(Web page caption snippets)
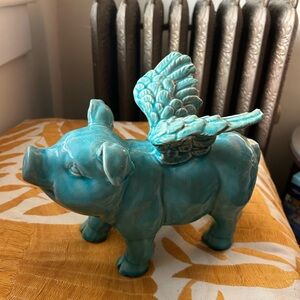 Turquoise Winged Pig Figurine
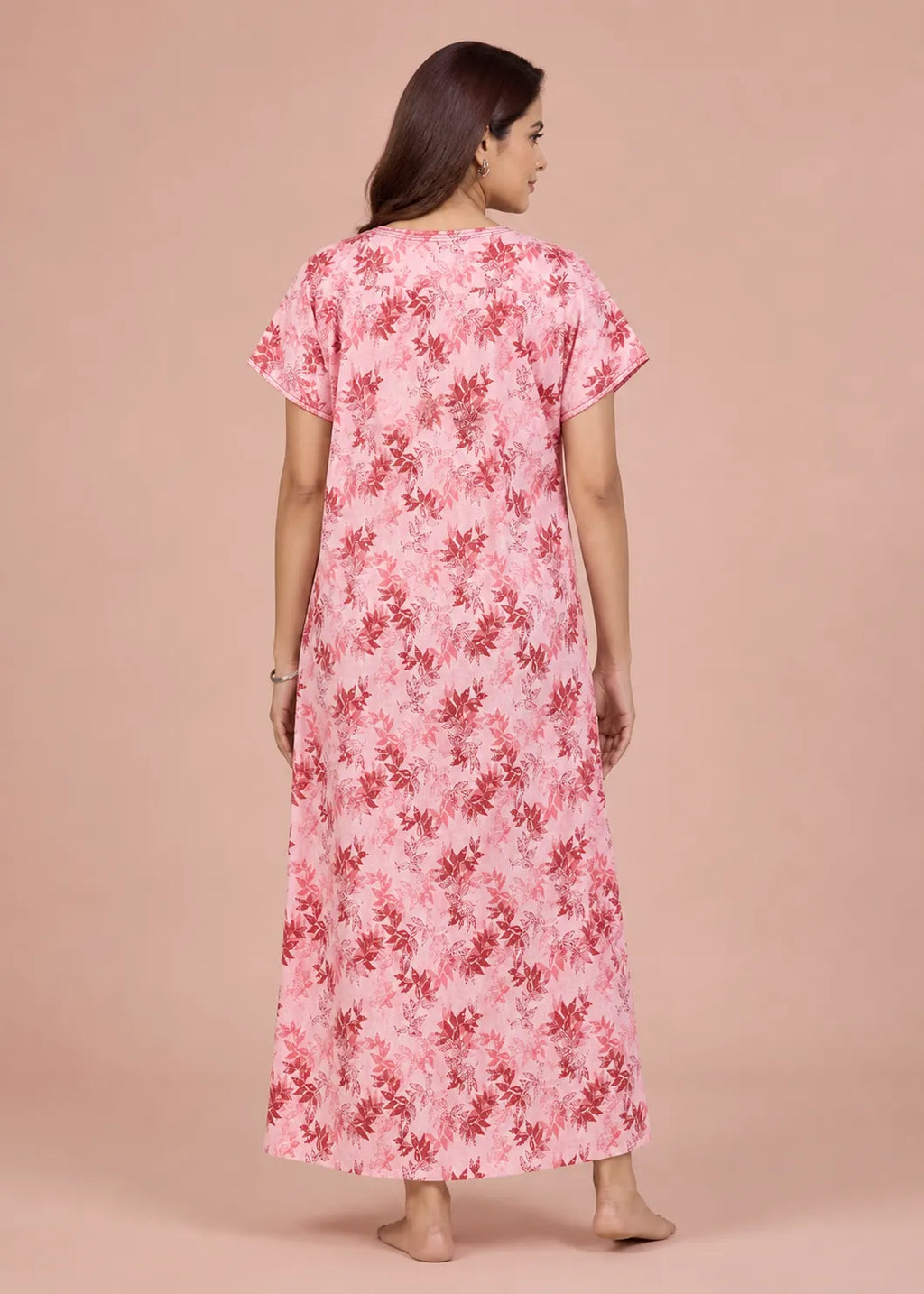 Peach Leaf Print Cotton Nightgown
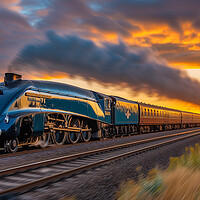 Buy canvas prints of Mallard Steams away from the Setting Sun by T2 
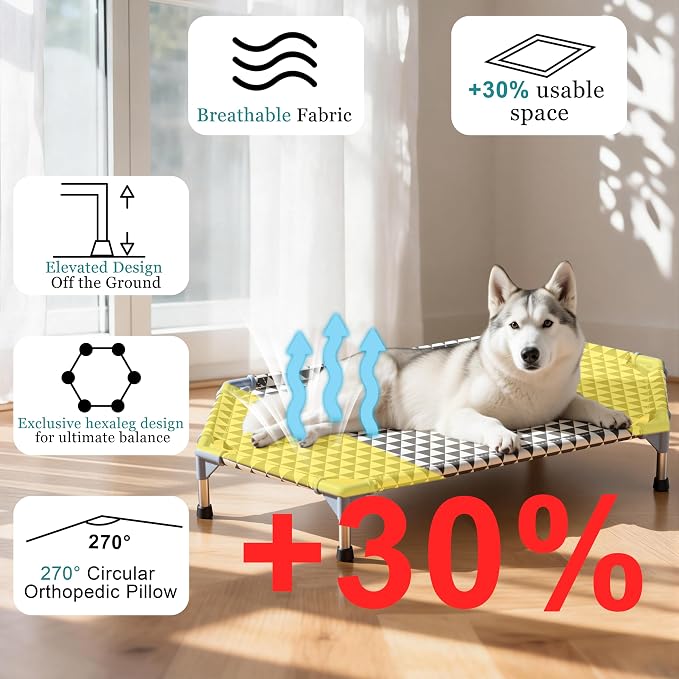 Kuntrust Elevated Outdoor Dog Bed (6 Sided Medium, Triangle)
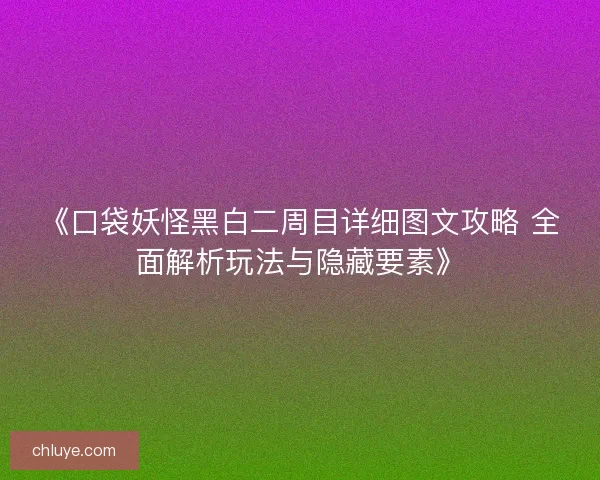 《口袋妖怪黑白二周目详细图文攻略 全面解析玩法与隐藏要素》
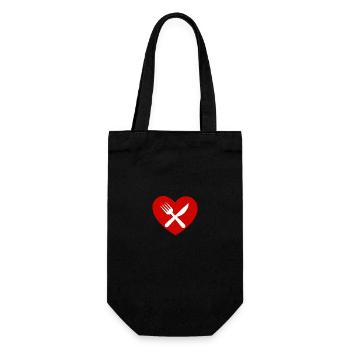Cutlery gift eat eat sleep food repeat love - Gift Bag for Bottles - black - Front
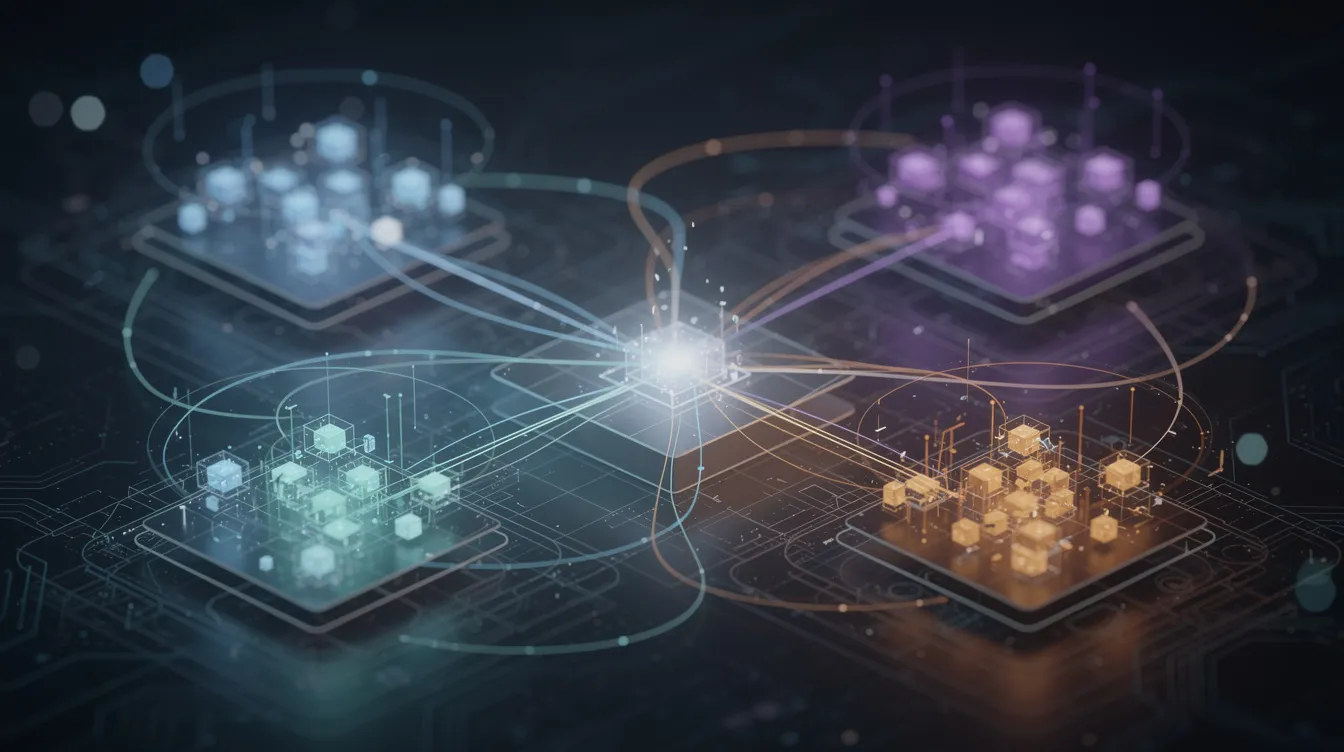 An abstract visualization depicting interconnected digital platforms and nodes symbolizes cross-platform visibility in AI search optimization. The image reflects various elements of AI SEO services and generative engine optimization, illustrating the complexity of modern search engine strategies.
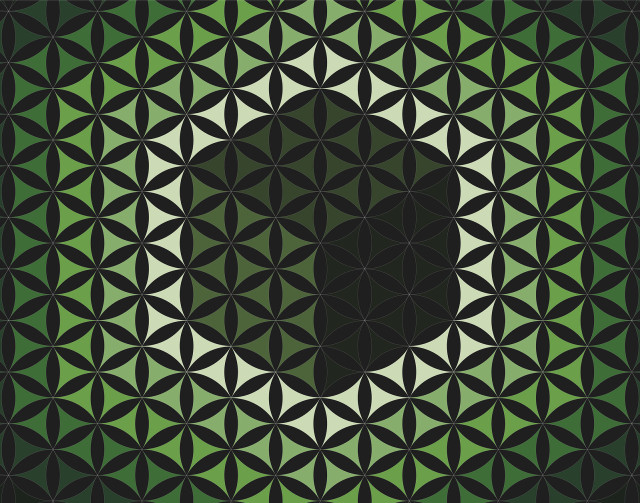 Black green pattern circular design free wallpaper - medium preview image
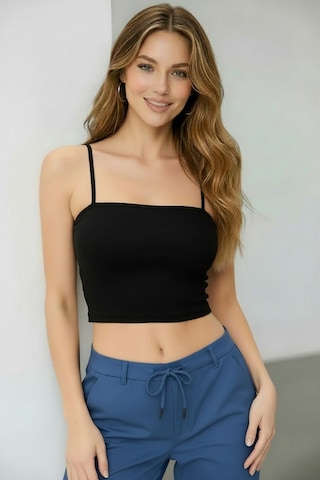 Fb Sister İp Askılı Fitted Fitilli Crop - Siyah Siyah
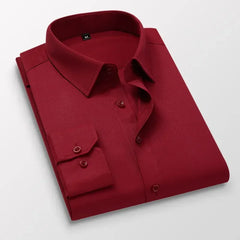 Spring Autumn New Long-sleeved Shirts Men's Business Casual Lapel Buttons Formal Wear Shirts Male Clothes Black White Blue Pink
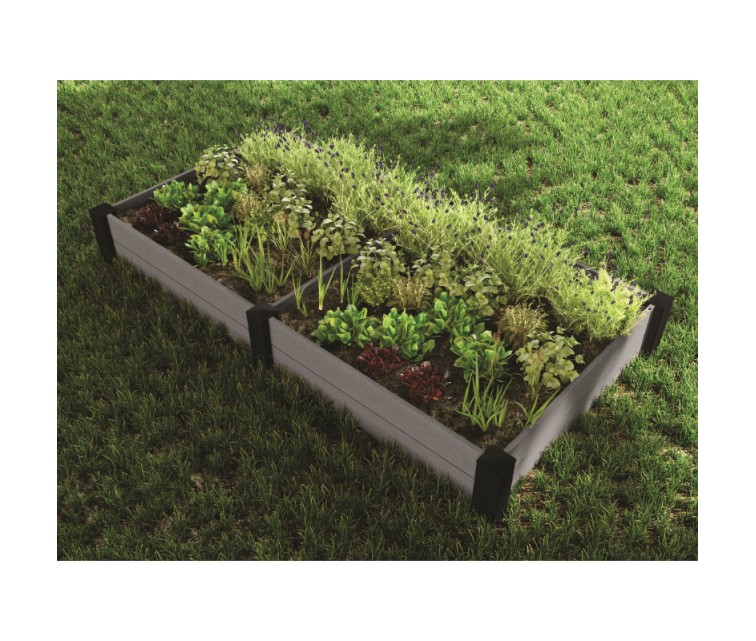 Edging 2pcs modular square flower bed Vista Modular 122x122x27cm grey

Work to be completed -> Reproduce exactly the lines above starting at the line containing "Kuntrust Elevated Outdoor" and ending at the line containing "Black green pattern", including both, but not the pictures.

Problem solution ->
 Kuntrust Elevated Outdoor Dog Bed (6 Sided Medium, Triangle)
 《口袋妖怪黑白二周目详细图文攻略 全面解析玩法与隐藏要素》
Cutlery gift eat eat sleep food repeat love - Gift Bag for Bottles - black - Front
 An abstract visualization depicting interconnected digital platforms and nodes symbolizes cross-platform visibility in AI search optimization. The image reflects various elements of AI SEO services and generative engine optimization, illustrating the complexity of modern search engine strategies.
 Black green pattern circular design free wallpaper - medium preview image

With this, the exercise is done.